What is required – Transcribe word for word the section of the records below that opens with the line containing "PORT DESIGNS Portable" and closes with the line containing "thumbnail image 2"; drop every picture.
Given information: Begin
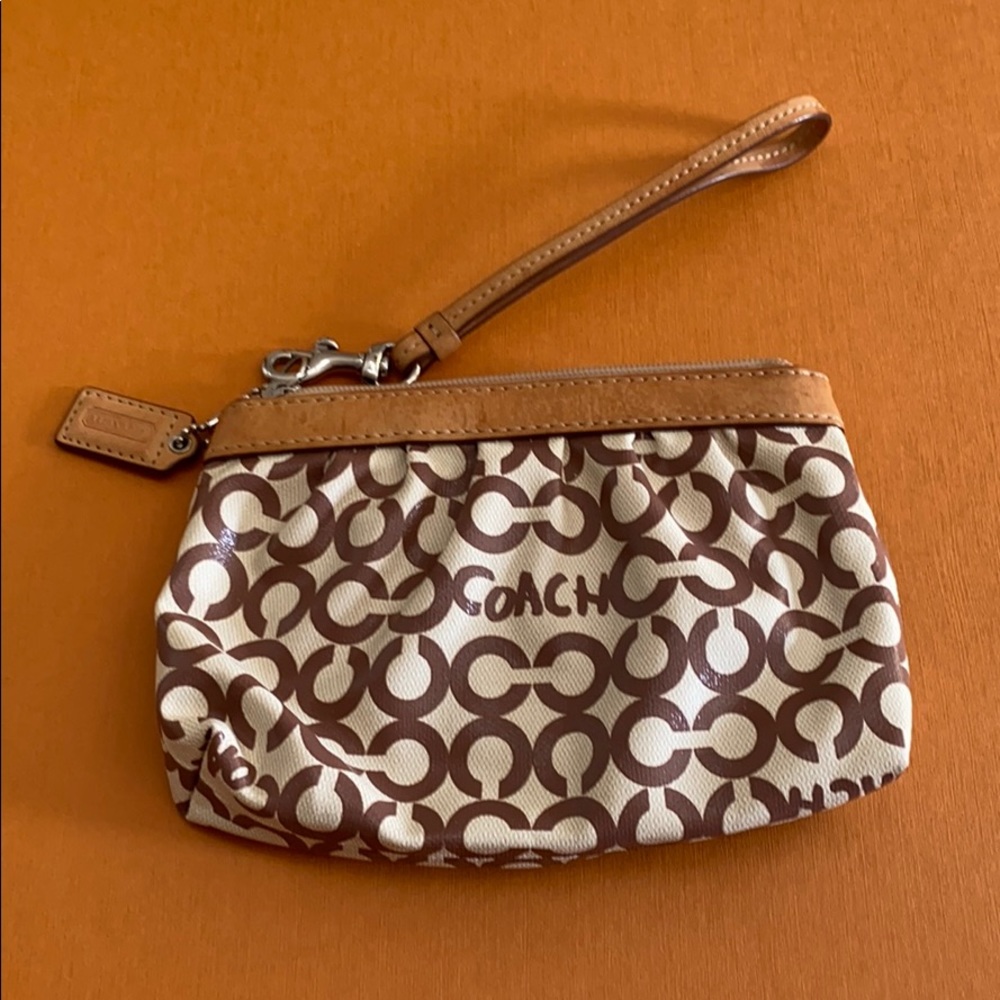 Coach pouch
Given information: End
Given information: Begin
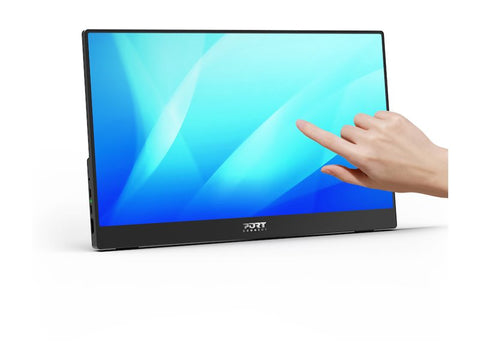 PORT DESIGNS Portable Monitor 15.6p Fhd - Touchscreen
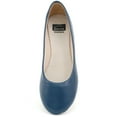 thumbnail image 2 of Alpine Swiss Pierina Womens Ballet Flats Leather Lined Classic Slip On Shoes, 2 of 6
Given information: End
Task result –
 PORT DESIGNS Portable Monitor 15.6p Fhd - Touchscreen
 thumbnail image 2 of Alpine Swiss Pierina Womens Ballet Flats Leather Lined Classic Slip On Shoes, 2 of 6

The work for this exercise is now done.